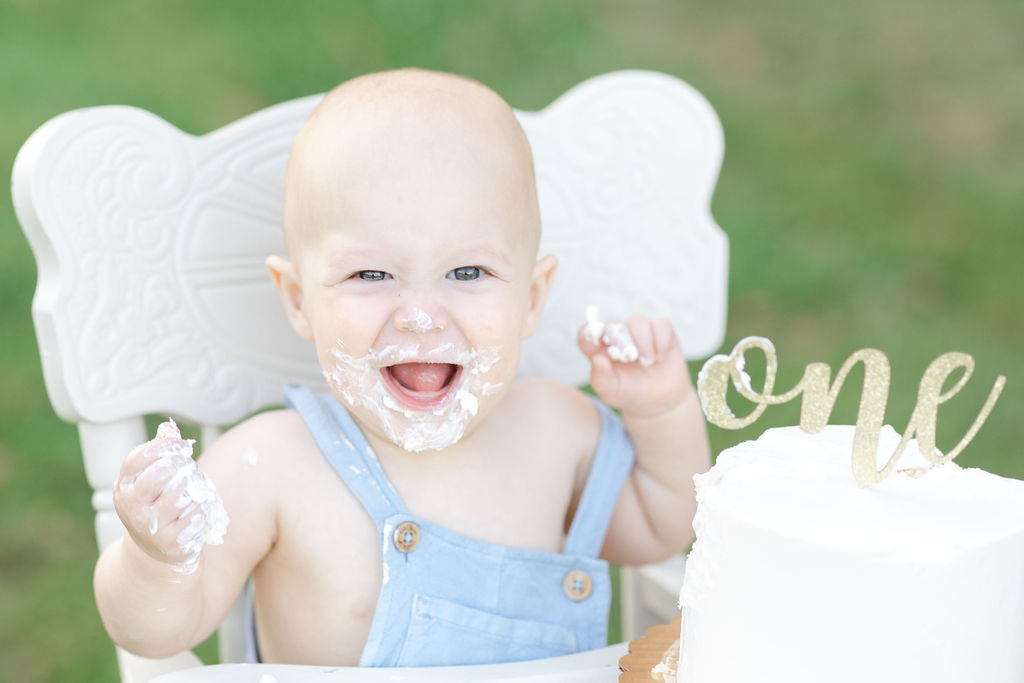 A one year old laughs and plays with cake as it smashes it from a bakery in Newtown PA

● ● ● ●

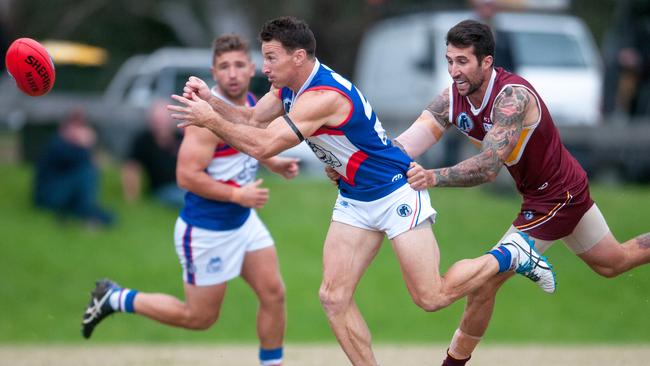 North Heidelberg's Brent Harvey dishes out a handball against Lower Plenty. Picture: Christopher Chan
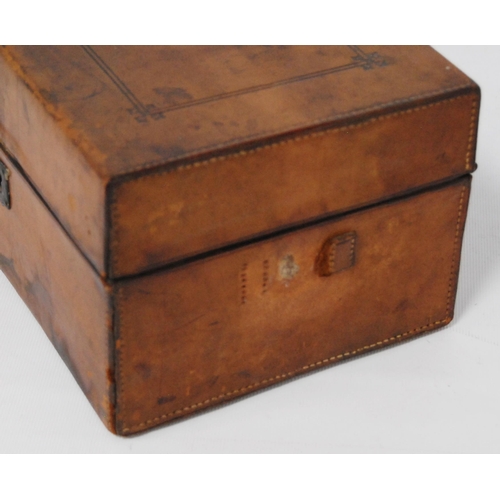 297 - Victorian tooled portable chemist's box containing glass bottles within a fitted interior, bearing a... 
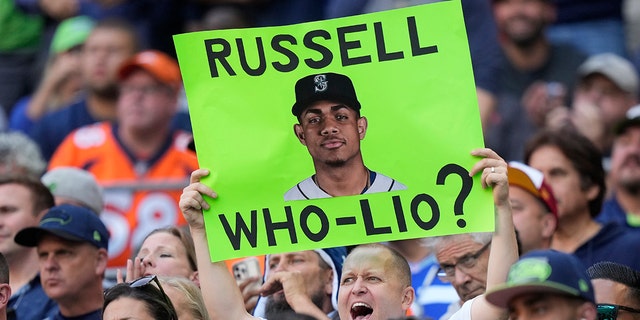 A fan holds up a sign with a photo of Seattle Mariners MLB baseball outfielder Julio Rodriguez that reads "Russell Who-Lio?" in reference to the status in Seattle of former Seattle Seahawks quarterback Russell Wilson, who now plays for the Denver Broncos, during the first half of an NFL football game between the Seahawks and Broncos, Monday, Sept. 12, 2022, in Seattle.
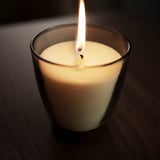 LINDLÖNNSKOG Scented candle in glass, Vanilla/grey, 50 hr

● ● ● ●

_WHAT THE TASK ASKS_:
Using the entries above, reproduce word for word only the lines from the one that contains "A fan holds" to the one that contains "LINDLÖNNSKOG Scented candle", both ends included, and drop every picture.

_RESULT_:
 A fan holds up a sign with a photo of Seattle Mariners MLB baseball outfielder Julio Rodriguez that reads "Russell Who-Lio?" in reference to the status in Seattle of former Seattle Seahawks quarterback Russell Wilson, who now plays for the Denver Broncos, during the first half of an NFL football game between the Seahawks and Broncos, Monday, Sept. 12, 2022, in Seattle.
 LINDLÖNNSKOG Scented candle in glass, Vanilla/grey, 50 hr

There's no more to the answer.